Nel «Forza Ita­lia», l’Oscar è già diven­tato il toc­ca­sana per ogni malat­tia e distor­sione del cinema ita­liano, pro­du­zione, distri­bu­zione, eser­ci­zio. Per l’asfissia del nostro mer­cato, dove tanti film anche alcuni nella cin­quina del film stra­niero nep­pure arri­vano, dove gli ita­liani appena eccen­trici (non c’è biso­gno di andare lon­tano) in sala non tro­vano spa­zio. Non è così, non sarà così senza una poli­tica cul­tu­rale chiara, e final­mente effi­cente, lo sap­piamo bene. Ma la reto­rica a que­sto serve e all’illusione tutti vogliono cre­derci.

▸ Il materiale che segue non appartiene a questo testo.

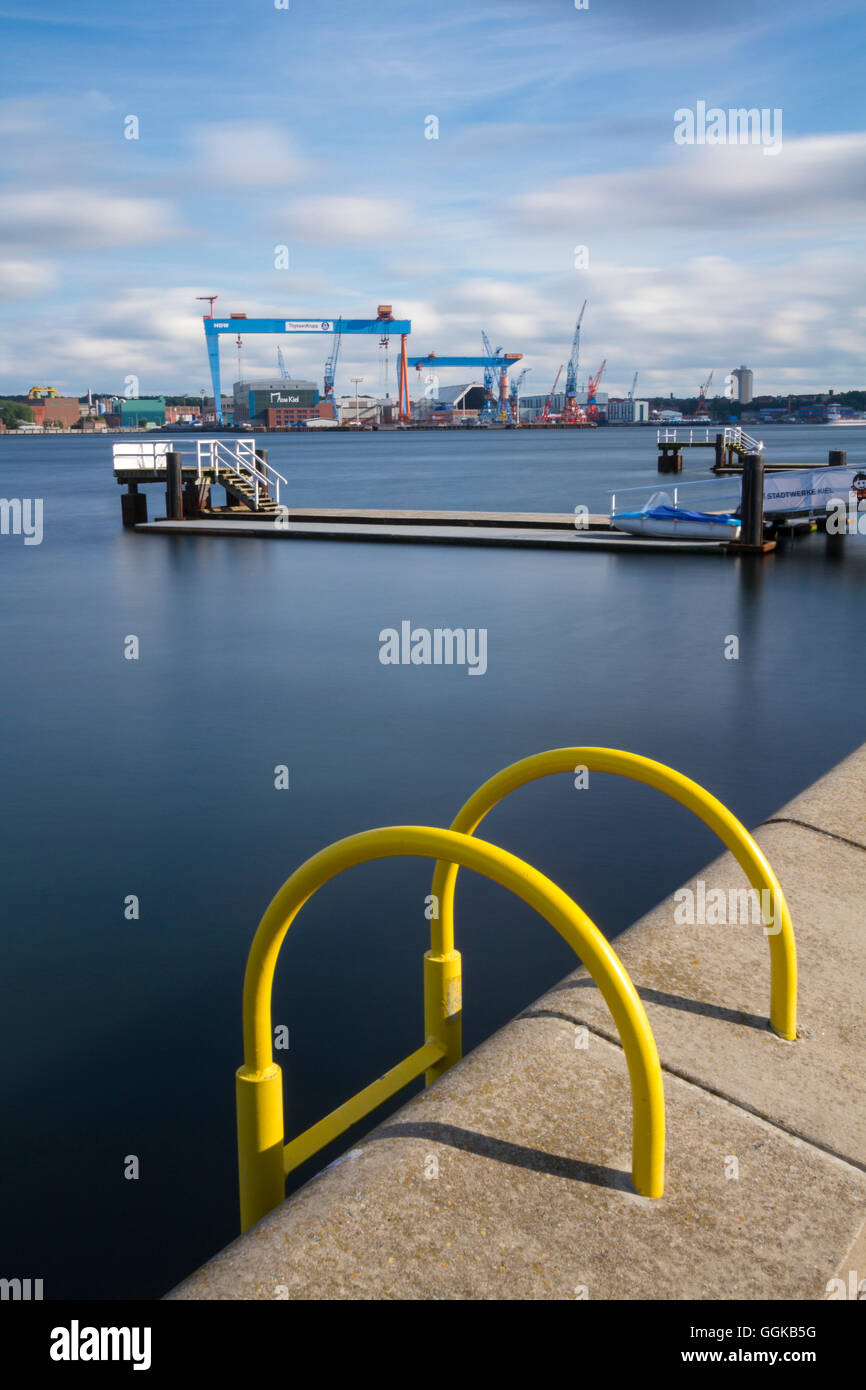 Wharf, Kiellinie, Howaldtswerke-Deutsche Werft (HDW), Kiel fjord, Kiel, Schleswig-Holstein, Germania Foto Stock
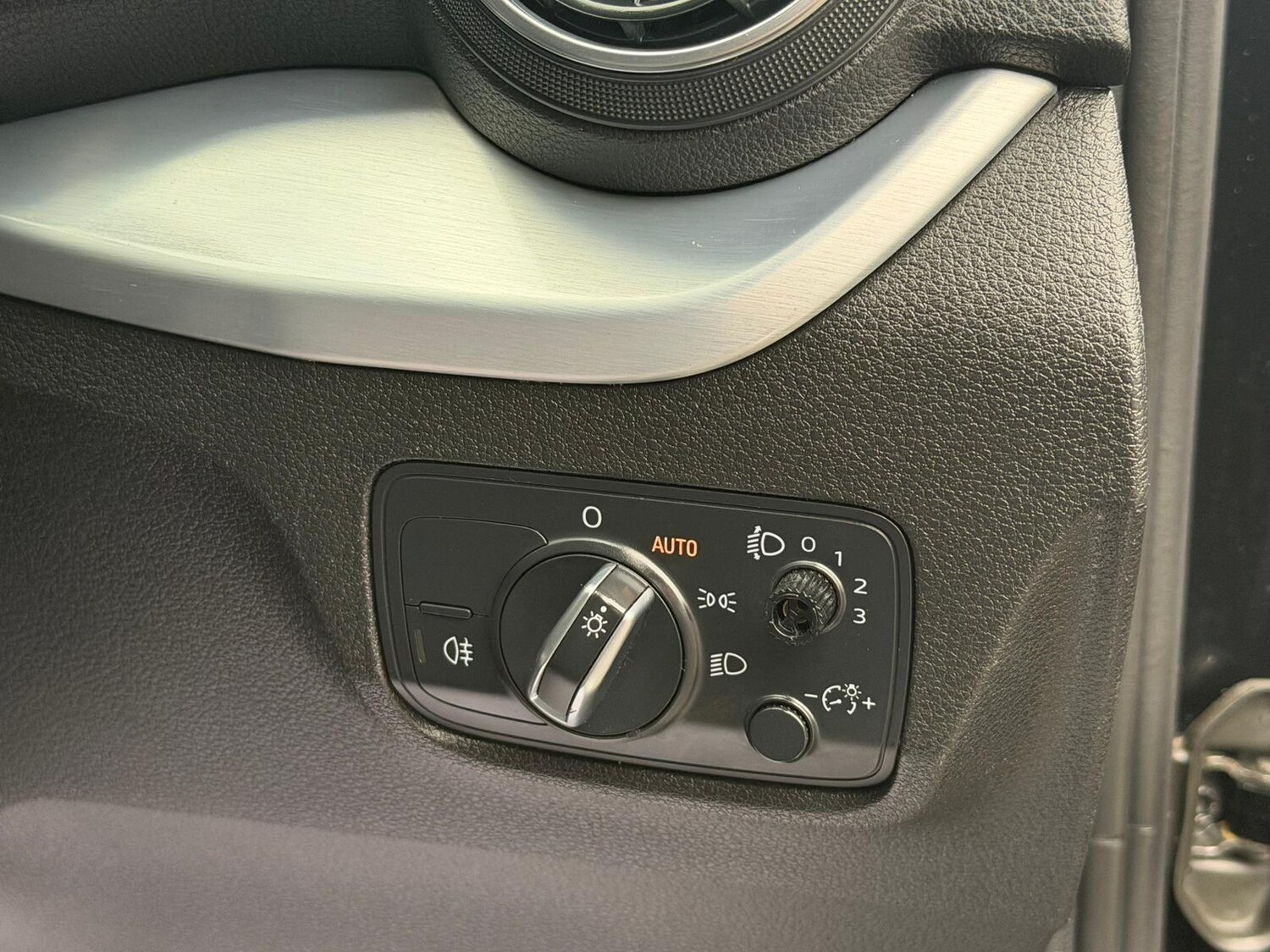 Used Audi Q2 2017 for sale - 76996348: Photo 19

I film di Sor­ren­tino, poi, sono mac­chine per­fette nell’accarezzare il desi­de­rio social di par­te­ci­pa­zione, popo­lari nel senso let­te­rale della parola, per­ché tutti-proprio-tutti, anche i detrat­tori, come dopo un mega match della nazionle, vogliono dire la loro. É una dote, biso­gna dirlo, che va al di là del film in sé, e dichiara la capa­cità di un regi­sta, e del suo lavoro di porsi come un evento: non si parla d’altro. Acca­rez­zando in que­sto caso lo stesso nar­ci­si­smo del vuoto che vor­rebbe cri­ti­care. Che poi que­sto sia «il cinema ita­liano» è da dimo­strare. Non lo è, è chiaro, ma alla logica dell’evento con cui ormai si iden­ti­fica la cul­tura da noi basta. Domani come diceva qual­cuno è un altro giorno, e per ora è meglio cre­dere a una « Grande Bellezza».